Micro-Basin, Spatial, Sediment, Nutrient, SWAT, Anthropogenic

1. Introduction

Nyanza (also known as Winam or Kavirondo) gulf forms a cardinal part of larger Lake Victoria basin ecosystem that has been degrading at an alarming rate. Signs of degradation of its water resource were first visible in early 1980s [1]. Consequences of this eutrophication have been seasonal occurrence of algal bloom and intensive proliferation of water hyacinths which dates to 1990 [2] [3]. The weed colonies have a huge threat to the productivity of the gulf negatively affecting socioeconomic wellbeing of the population that depends on it for livelihood. Rapid urbanization along the lake shores and poor land use management under intensive farming have negatively impacted the gulf. Influx of nutrient rich sediment into the lake has increased from both diffuse and point-sources exerting considerable negative effect particularly on the near-shore regions [4] [5]. Between January and March 2004, the persistence of massive phytoplankton blooms in the Nyanza Gulf resulted in a temporary shutdown of the drinking water supply from the lake [6].

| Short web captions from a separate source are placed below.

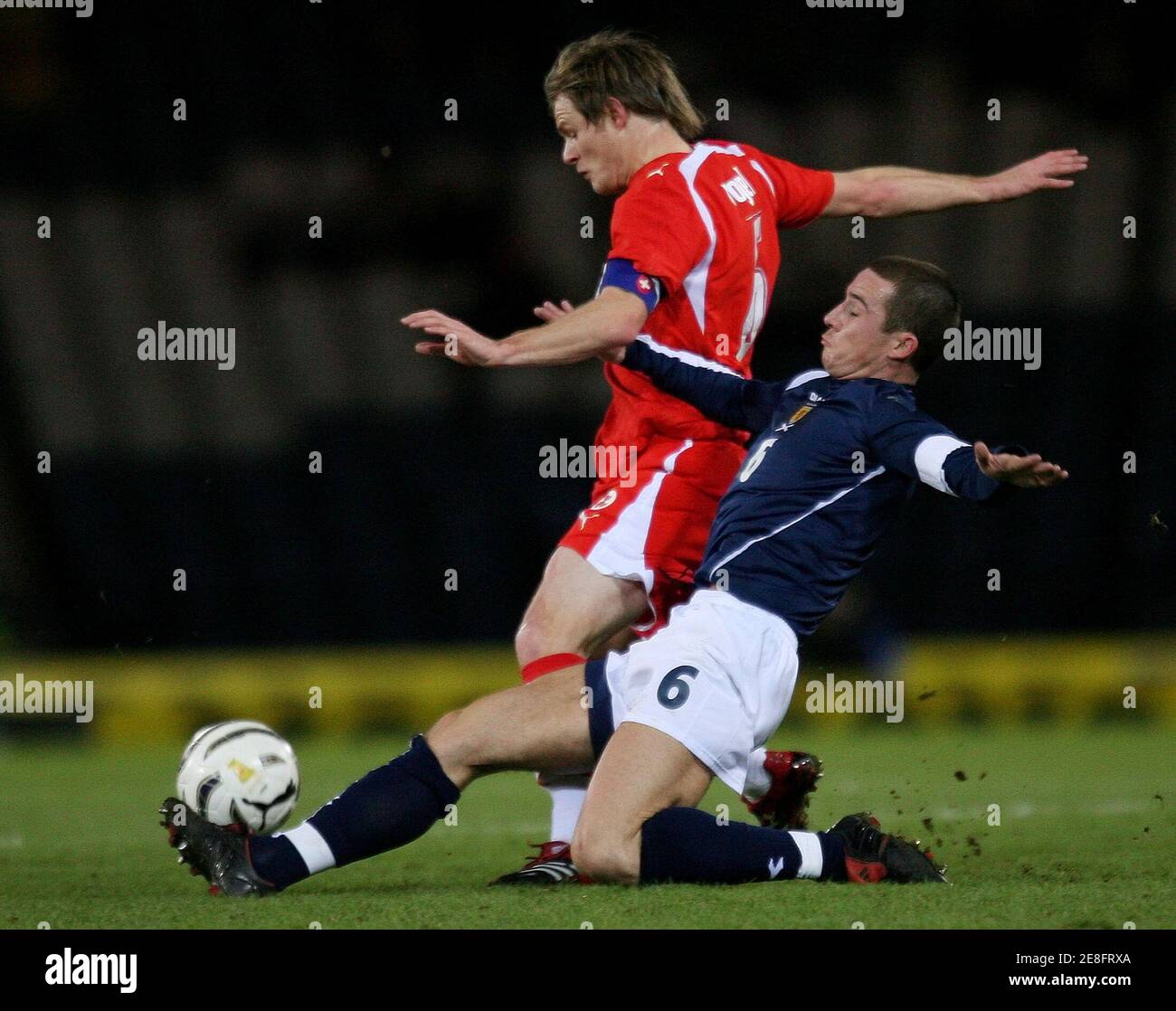 Switzerland's Johann Vogel (L) fights for the ball with Scotland's Barry Ferguson during their friendly soccer match at the Hampden Park stadium in Glasgow, Scotland, March 1, 2006. REUTERS/Pascal Lauener Stock Photo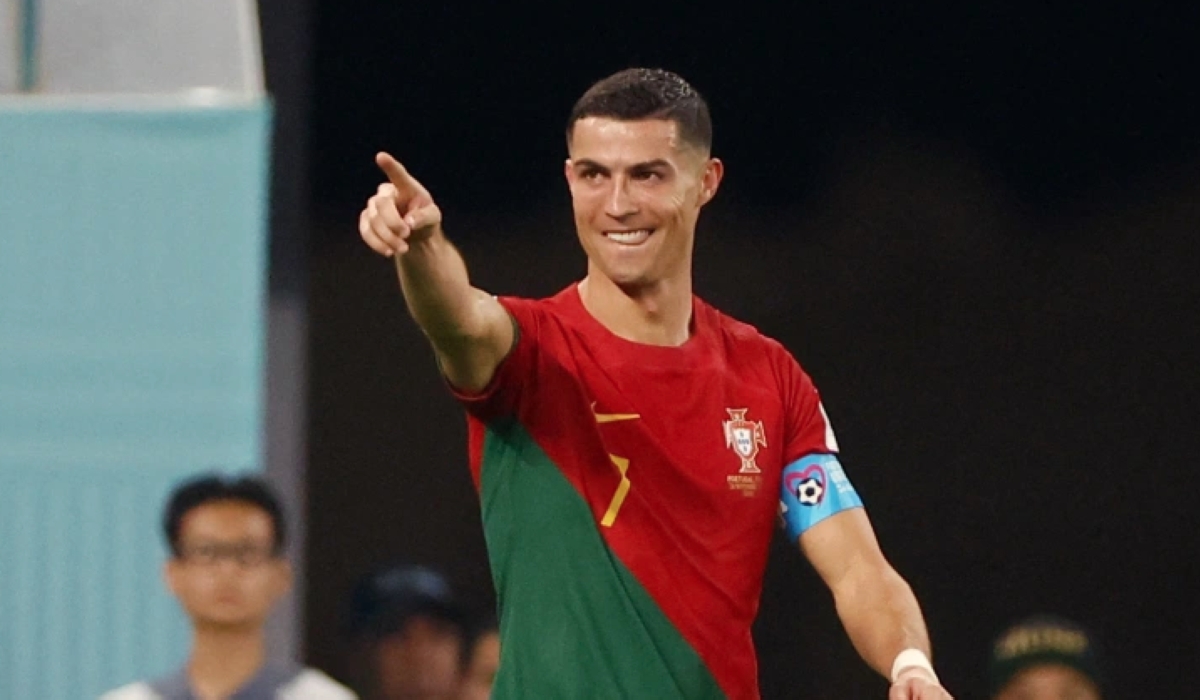 Portugal’s Cristiano Ronaldo celebrates after scoring against Ghana at the 2022 FIFA World Cup on November 24, making him the only player in history to have scored in five World Cups [Reuters/Hannah Mckay]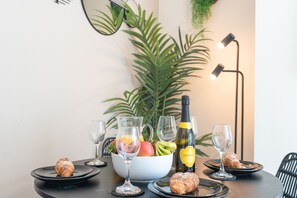Una mesa de comedor dispuesta con un bol de fruta, una botella de champán y pasteles.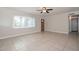 Bright living room with large window and tile flooring at 11388 N 114Th Dr, Youngtown, AZ 85363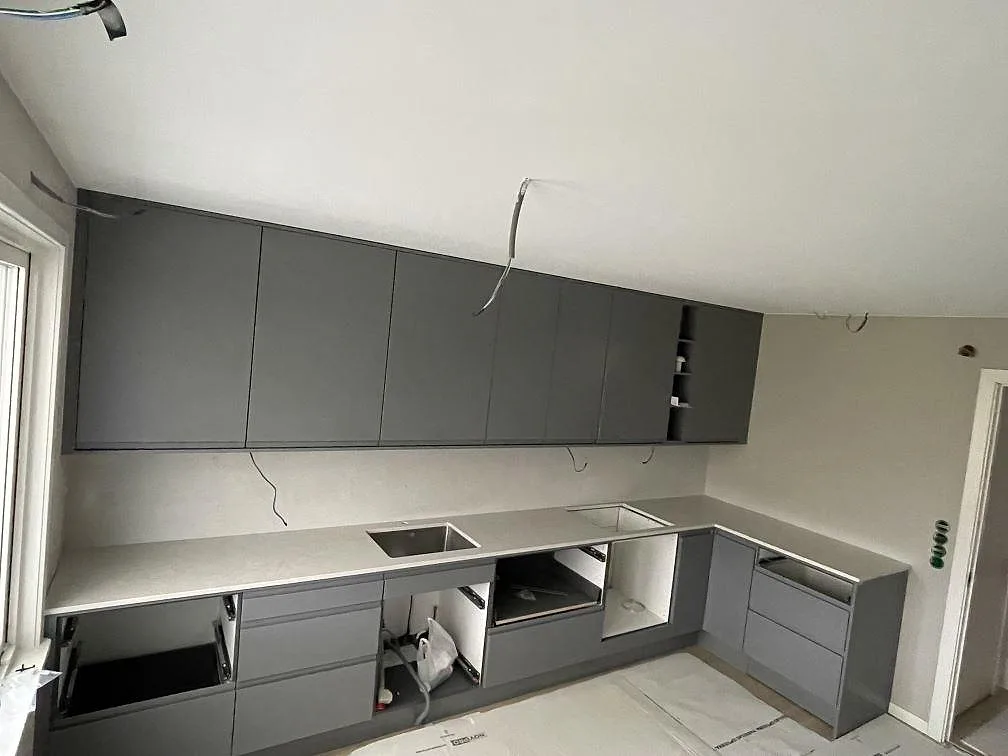 Køkkenbordplade i lys Silestone Snowy Ibiza, poleret, monteret i ett L-format køkken med mörkgrå skabe i Hässelby.
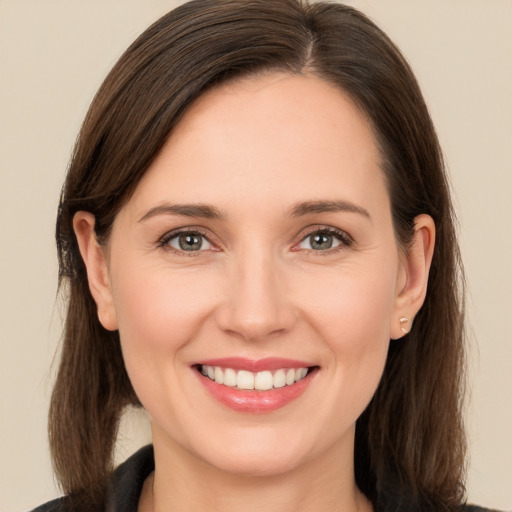 Joyful white young-adult female with long  brown hair and brown eyes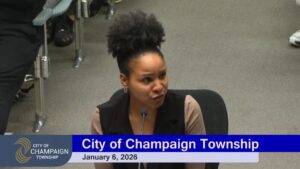 A screenshot showing a seated woman speaking into a microphone as a digital banner below her reads "City of Champaign Township January 6, 2026"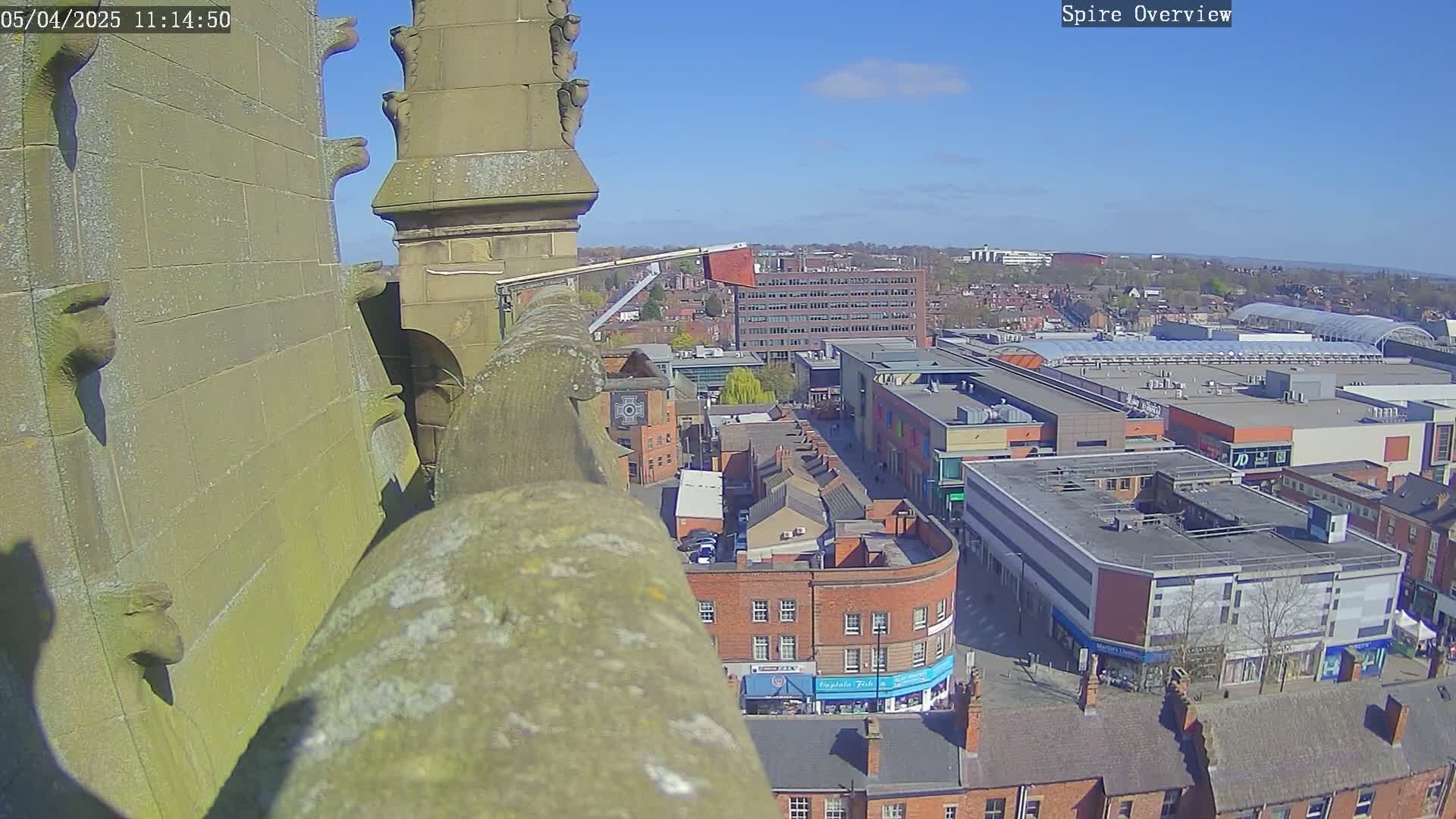 A high-angle view from a stone spire shows a town square with shops and buildings under a clear, sunny sky.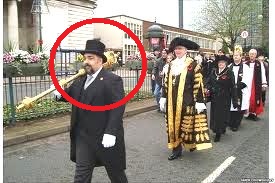 a ace bearer leading Lord Mayor's procession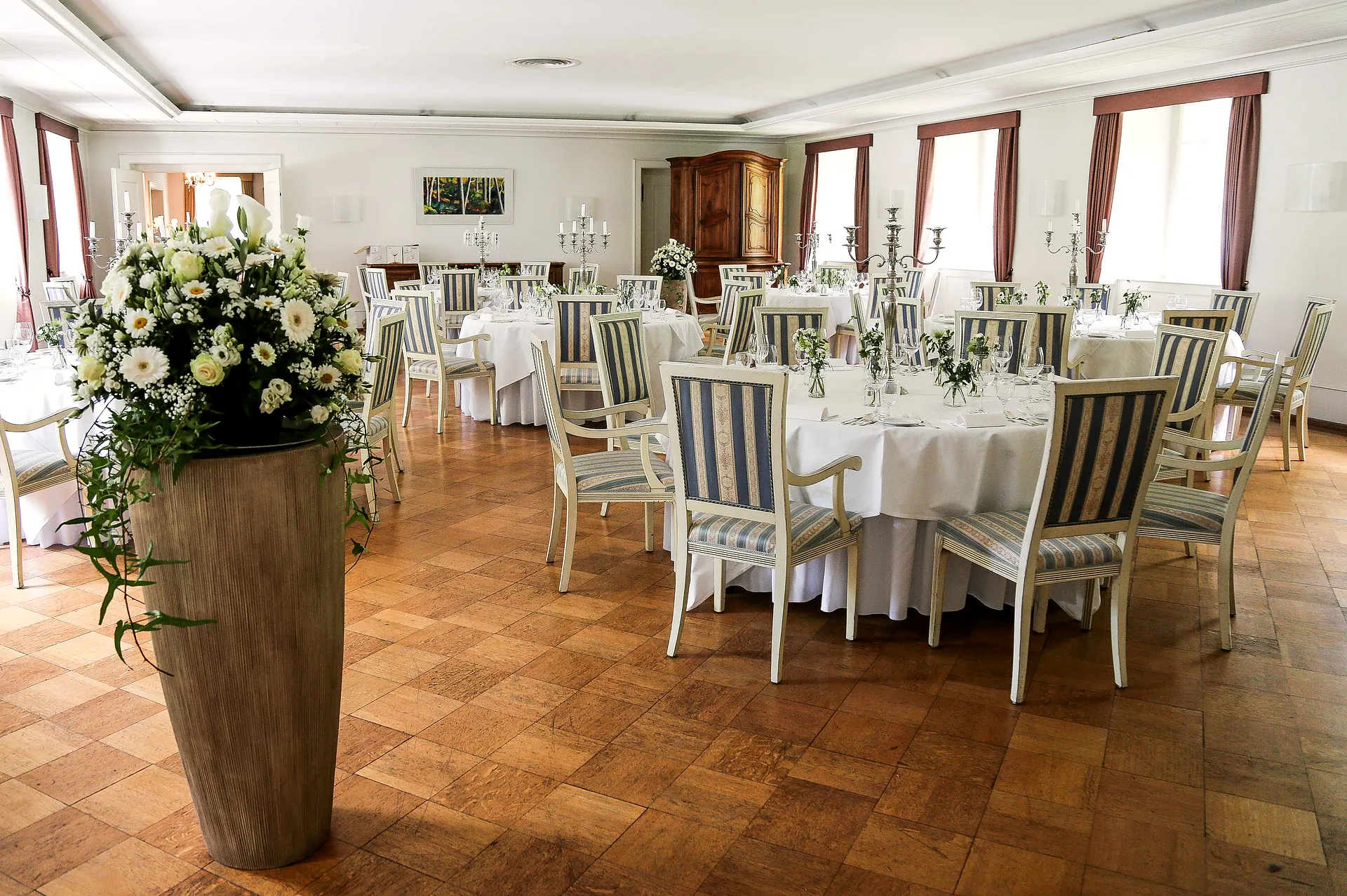 Heller Saal mit runden Tischen und Blumenschmuck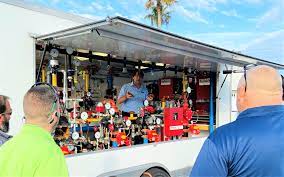 The Reliable Automatic Sprinkler Co. Inc. - George Nicola (Technical Services) holds court with the Reliable Demo Trailer at Daytona Beach for the Florida Fire Sprinkler Association. Great venue, great people, great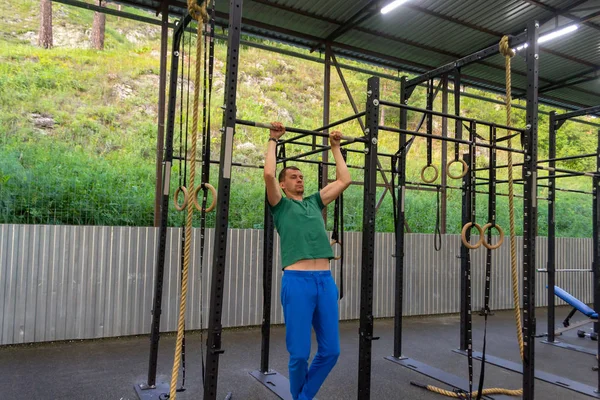 A young man in blue sports pants and a green T-shirt performs exercises pulling up on the horizontal bar in the gym outdoors with green grass on the background, rocky mountain, iron fenc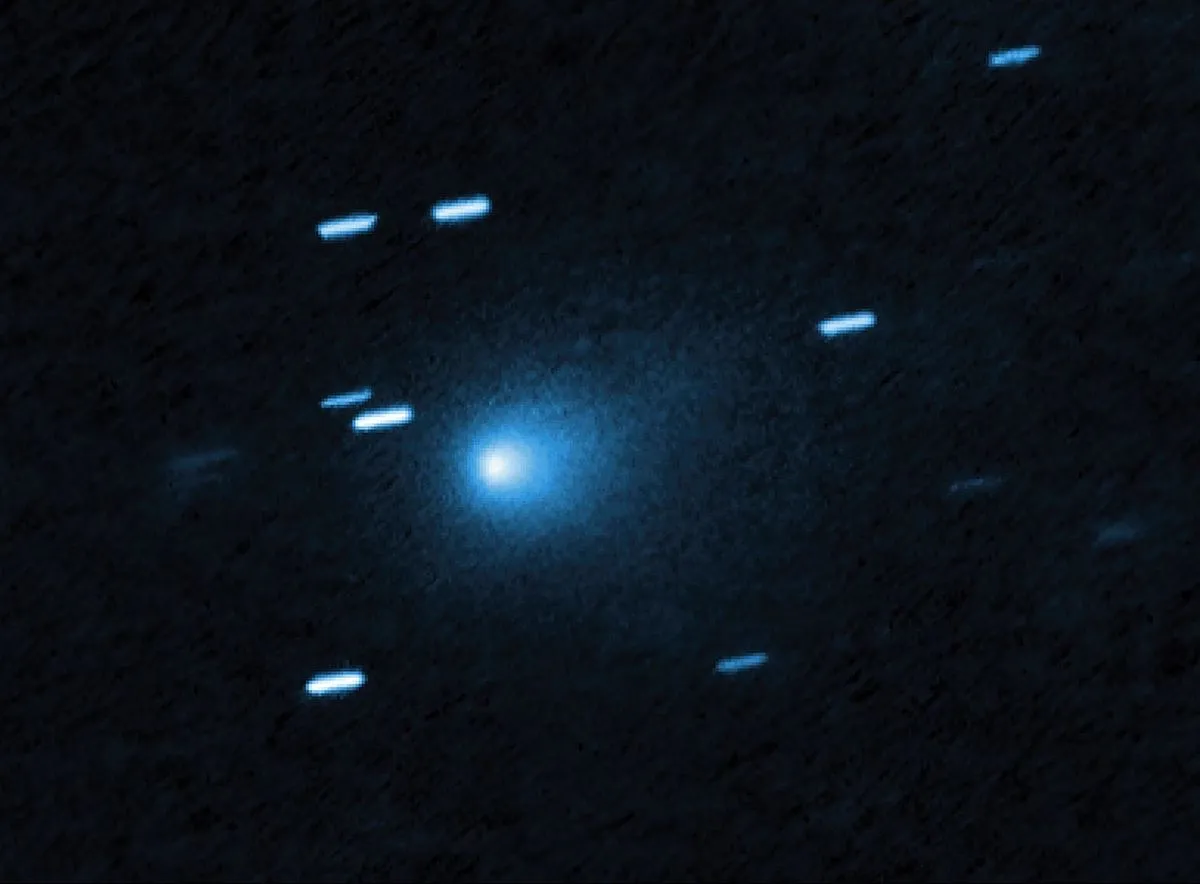 Cometa 3I/ATLAS com uma nuvem azulada de poeira, cercado por rastros de estrelas no registro do Hubble.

Nyanza Gulf has an area of 1400 km², mean depth 7 m, max. depth 30 m and a 550 km shoreline that is located entirely in Kenya (Figure 1) on the northeast of Lake Victoria [7]. The gulf is river-fed embayment by multiple rivers largely arising from the Kenya highlands on East and South East. The water inputs from the catchment combined with the shallow depths of the gulf yield a freshwater renewal time of 3 years in comparison with the 100 years for the larger Lake Victoria [8]. Shallow mean depth, strong winds and a bottleneck opening to the

Figure 1. Nyanza Gulf catchment information.

larger lake governs hydrodynamics in the gulf. The nutrient dynamics of Nyanza Gulf are driven by strong currents, eroding the apatite-rich residual rock and remobilizing the buried/store nutrients back into the water column. This result into a eutrophic gulf throughout the annual cycle, with a probable algal peak observed between June and August during complete perturbation [9]. The gulf is semi-enclosed restricting mixing with larger lake consequently responsive to fluvial inputs from its own watershed [10]. An increase in sedimentation and nutrient content in the gulf due to land degradation, surface run-off and soil erosion has been observed throughout the past decades, while a proposed increase of atmospheric deposition remains disputed [3].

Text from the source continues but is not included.